For example, it is assumed that the second route 10 is a route having a transmission rate of 10 Mbps, and 1 Mbps is a band which can be used when the route is switched from the first route 7. The source tunnel router 11 defines a packet type 52 and a band 53 to be used so that the packet can be transmitted with an upper limit of 1 Mbps, and stores it in the storage table 51. At this time, as shown in FIG. 2, since the unicast route relay interface 24 is TUN1 to TUN3, even if all the interfaces of TUN1 to TUN3 are in the ON state and all the packets are transmitted at the same time, it is 1 Mbps. Define so that the upper limit is not exceeded. That is, in the storage table 51, the packet type 52
3 types of text 1, text 2 and still image are defined in, but when 3 types are transmitted to the interfaces of TUN1 to TUN3 at the same time, the bandwidth to be used is calculated as 0.9 Mbps as follows, and the upper limit is set. Specified not to exceed 1 Mbps. 0.1 Mbps × 3 + 0.1 Mbps × 3 + 0.1 Mbps × 3 =
0.9 Mbps In this way, the transmission source tunnel router 11 turns on / off the unicast route relay interface 24 according to the control information output from the control means 4, and when the unicast route relay interface 24 is turned on, the storage table A packet that can be transmitted within the upper limit 53 of the type 52 and the bandwidth stored as 51 is stored in the second route 1
Send to 0. That is, the transmission source tunnel router 11 has a function of validating the relay to the specific transmission destination 3 and switching the multicast communication to the unicast communication within the range of the number of unicast routes that are simultaneously effective.

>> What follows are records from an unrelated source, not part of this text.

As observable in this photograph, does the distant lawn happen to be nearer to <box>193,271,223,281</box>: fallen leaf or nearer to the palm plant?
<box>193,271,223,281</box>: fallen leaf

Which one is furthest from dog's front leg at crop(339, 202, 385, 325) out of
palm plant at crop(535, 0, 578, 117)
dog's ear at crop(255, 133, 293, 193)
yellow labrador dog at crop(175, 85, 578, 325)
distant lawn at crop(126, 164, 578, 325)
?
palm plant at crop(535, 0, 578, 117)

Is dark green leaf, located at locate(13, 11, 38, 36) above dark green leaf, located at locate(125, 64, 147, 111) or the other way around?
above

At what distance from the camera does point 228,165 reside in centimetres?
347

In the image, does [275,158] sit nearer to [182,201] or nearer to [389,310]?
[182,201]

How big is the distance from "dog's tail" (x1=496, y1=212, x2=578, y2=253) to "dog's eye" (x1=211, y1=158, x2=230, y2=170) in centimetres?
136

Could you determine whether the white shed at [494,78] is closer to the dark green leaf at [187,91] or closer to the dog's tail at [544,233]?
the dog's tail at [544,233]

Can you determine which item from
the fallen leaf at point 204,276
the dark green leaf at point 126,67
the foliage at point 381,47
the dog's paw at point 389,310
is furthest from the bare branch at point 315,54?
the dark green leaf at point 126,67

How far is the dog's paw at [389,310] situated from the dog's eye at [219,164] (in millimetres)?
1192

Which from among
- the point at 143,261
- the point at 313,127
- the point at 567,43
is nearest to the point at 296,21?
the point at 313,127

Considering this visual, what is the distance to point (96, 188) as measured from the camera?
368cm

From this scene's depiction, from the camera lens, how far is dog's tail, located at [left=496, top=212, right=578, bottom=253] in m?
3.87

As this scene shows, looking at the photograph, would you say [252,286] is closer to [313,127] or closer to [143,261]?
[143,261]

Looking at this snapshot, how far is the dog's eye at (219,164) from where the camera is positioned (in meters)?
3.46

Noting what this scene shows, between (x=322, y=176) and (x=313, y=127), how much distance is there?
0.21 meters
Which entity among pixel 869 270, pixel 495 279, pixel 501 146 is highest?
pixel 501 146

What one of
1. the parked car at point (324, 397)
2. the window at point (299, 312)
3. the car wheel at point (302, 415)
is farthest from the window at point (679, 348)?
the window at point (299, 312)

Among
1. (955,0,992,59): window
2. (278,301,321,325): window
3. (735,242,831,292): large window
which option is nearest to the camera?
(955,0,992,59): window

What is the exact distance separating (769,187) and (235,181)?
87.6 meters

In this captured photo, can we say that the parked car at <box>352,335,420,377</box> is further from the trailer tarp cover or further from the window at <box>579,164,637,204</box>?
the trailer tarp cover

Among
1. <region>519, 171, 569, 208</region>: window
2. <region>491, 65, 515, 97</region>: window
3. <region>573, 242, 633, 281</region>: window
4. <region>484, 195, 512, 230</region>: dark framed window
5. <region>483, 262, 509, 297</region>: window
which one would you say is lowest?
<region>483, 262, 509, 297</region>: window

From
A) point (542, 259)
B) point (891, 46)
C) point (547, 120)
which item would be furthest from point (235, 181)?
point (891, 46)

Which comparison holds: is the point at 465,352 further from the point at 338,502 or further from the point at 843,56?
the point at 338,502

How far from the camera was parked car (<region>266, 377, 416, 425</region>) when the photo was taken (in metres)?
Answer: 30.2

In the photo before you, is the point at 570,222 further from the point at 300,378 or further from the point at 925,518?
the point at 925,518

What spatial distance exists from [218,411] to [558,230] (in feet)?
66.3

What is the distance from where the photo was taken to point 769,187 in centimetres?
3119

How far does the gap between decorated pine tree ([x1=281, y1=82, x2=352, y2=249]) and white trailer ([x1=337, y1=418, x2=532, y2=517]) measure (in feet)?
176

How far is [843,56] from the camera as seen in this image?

Regarding the operation, first, a method of delivering a packet by normal multicast communication will be described.
In FIG. 1, since the packet distributed from the transmission source 2 is a multicast packet, the regular route side router 8
And broadcast to the source tunnel router 11. Normally, when the first route 7 is a steady route, the unicast route relay interface 24 of the transmission source tunnel router 11 is kept in the OFF state, so that the packet is not delivered from the transmission source tunnel router 11 and It is delivered from the route side router 8 to the destination network 13.

The packet delivered to the destination network 13 reaches the destination network 13 by relaying the network group 9 from the steady route router 8 shown in FIG. 1, and reaches the destination network 13 from the steady destination router 14 to the LAN switch 16. It is delivered to the destination 3 via. Normally, the interface on the steady transmission destination router 14 side of the LAN switch 16 is in the ON state, and therefore the route is as described above.

Next, a specific event occurs on the route to the specific destination 3, the route to the specific destination 3 is switched based on a predetermined determination condition, and the packet is distributed by unicast communication. A method for doing so will be described with reference to FIG. The packet distributed from the transmission source 2 includes the transmission source tunnel router 11, the second route 10 and the network group 12.
Via the LAN switch 16 from the destination tunnel router 17
It is delivered to the destination 3. At the same time, a packet transmitted to the steady route router 8 may also reach the destination network 13 through the network group 9 and be delivered from the steady destination router 14 to the LAN switch 16. Since the interface on the side of the 16 regular transmission destination routers 14 is in the OFF state, the packet is not delivered before that. That is, at this time, the packet is distributed from the transmission source 2 to the specific transmission destination 3 using the second route 10.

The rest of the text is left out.